== Aim of the task ==
Please output the data below exactly as given, starting at its first line and stopping after the line that contains "PacSun High Rise".

== Supplied information ==

↓

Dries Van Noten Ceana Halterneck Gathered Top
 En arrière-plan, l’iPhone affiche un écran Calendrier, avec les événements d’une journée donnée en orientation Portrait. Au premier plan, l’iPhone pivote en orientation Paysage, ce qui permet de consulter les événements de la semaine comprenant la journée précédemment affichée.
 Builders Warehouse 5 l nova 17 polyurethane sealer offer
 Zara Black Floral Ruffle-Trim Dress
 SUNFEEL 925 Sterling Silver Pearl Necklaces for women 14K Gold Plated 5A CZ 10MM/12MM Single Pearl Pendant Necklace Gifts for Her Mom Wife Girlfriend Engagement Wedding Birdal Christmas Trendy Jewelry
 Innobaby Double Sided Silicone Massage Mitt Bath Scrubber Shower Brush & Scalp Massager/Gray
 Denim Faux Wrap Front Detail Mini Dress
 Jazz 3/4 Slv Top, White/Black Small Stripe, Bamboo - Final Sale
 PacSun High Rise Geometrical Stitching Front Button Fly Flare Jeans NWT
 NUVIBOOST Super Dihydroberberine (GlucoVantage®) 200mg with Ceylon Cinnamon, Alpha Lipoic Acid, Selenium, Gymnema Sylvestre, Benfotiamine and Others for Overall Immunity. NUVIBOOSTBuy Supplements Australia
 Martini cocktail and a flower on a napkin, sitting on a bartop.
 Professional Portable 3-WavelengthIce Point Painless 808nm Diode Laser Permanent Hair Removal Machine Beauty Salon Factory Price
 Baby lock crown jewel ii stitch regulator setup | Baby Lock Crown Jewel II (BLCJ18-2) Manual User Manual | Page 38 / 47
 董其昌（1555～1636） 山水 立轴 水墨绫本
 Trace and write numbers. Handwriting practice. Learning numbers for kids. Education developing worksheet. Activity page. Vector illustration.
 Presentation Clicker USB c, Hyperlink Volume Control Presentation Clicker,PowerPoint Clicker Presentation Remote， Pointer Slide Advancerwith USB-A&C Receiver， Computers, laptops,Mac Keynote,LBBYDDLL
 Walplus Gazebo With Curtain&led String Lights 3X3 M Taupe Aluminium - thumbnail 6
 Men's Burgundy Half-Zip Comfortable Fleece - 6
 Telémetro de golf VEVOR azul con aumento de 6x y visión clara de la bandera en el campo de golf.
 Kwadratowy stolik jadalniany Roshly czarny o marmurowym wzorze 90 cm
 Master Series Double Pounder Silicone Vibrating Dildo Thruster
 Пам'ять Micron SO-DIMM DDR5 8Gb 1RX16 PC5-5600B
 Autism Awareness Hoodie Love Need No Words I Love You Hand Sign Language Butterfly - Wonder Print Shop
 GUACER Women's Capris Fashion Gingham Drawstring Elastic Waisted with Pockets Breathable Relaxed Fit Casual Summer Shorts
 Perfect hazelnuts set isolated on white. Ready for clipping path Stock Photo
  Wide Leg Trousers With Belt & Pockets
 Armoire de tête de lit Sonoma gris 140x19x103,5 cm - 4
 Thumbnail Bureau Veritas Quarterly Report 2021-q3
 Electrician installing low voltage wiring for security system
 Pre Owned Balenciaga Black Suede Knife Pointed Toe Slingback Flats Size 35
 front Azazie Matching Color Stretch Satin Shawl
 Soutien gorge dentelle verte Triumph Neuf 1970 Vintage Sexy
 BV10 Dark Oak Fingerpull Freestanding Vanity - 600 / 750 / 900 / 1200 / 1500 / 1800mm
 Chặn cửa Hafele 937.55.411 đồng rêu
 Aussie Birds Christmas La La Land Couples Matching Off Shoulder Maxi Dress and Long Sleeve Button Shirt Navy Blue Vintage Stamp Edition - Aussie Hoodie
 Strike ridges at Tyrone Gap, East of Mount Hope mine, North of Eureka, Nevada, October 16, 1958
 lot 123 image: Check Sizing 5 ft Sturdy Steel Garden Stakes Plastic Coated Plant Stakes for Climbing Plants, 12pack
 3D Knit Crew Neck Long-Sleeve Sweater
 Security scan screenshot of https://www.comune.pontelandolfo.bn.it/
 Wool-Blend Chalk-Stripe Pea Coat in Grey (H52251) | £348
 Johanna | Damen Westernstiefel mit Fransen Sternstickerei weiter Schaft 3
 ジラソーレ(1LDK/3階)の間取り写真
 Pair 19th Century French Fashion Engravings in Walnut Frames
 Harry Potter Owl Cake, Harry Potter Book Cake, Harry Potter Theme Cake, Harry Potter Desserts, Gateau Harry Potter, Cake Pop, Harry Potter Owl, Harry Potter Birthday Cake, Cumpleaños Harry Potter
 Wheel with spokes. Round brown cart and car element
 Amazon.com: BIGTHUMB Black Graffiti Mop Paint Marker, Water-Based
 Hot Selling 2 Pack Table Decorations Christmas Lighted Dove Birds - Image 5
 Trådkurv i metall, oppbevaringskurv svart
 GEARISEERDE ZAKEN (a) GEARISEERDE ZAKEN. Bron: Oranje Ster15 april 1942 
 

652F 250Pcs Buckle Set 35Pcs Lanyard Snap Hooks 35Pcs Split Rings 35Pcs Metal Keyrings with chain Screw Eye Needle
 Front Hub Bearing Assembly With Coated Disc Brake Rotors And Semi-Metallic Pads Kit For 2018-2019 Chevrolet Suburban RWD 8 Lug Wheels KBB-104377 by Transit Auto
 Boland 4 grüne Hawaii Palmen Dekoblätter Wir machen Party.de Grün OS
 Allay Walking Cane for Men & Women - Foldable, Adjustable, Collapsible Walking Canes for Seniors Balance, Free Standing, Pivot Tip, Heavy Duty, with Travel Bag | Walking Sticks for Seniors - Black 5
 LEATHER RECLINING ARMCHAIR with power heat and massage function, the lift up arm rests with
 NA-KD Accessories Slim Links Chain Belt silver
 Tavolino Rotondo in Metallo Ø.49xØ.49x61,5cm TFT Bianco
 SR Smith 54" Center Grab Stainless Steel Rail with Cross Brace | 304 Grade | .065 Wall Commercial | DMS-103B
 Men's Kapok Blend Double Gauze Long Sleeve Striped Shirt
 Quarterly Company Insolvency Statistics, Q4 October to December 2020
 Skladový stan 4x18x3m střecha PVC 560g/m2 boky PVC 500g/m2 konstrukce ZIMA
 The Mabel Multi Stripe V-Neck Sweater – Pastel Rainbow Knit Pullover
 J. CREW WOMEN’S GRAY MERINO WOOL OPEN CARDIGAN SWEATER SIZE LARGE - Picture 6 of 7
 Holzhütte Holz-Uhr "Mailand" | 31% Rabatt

↑

== Exercise answer ==
Dries Van Noten Ceana Halterneck Gathered Top
 En arrière-plan, l’iPhone affiche un écran Calendrier, avec les événements d’une journée donnée en orientation Portrait. Au premier plan, l’iPhone pivote en orientation Paysage, ce qui permet de consulter les événements de la semaine comprenant la journée précédemment affichée.
 Builders Warehouse 5 l nova 17 polyurethane sealer offer
 Zara Black Floral Ruffle-Trim Dress
 SUNFEEL 925 Sterling Silver Pearl Necklaces for women 14K Gold Plated 5A CZ 10MM/12MM Single Pearl Pendant Necklace Gifts for Her Mom Wife Girlfriend Engagement Wedding Birdal Christmas Trendy Jewelry
 Innobaby Double Sided Silicone Massage Mitt Bath Scrubber Shower Brush & Scalp Massager/Gray
 Denim Faux Wrap Front Detail Mini Dress
 Jazz 3/4 Slv Top, White/Black Small Stripe, Bamboo - Final Sale
 PacSun High Rise Geometrical Stitching Front Button Fly Flare Jeans NWT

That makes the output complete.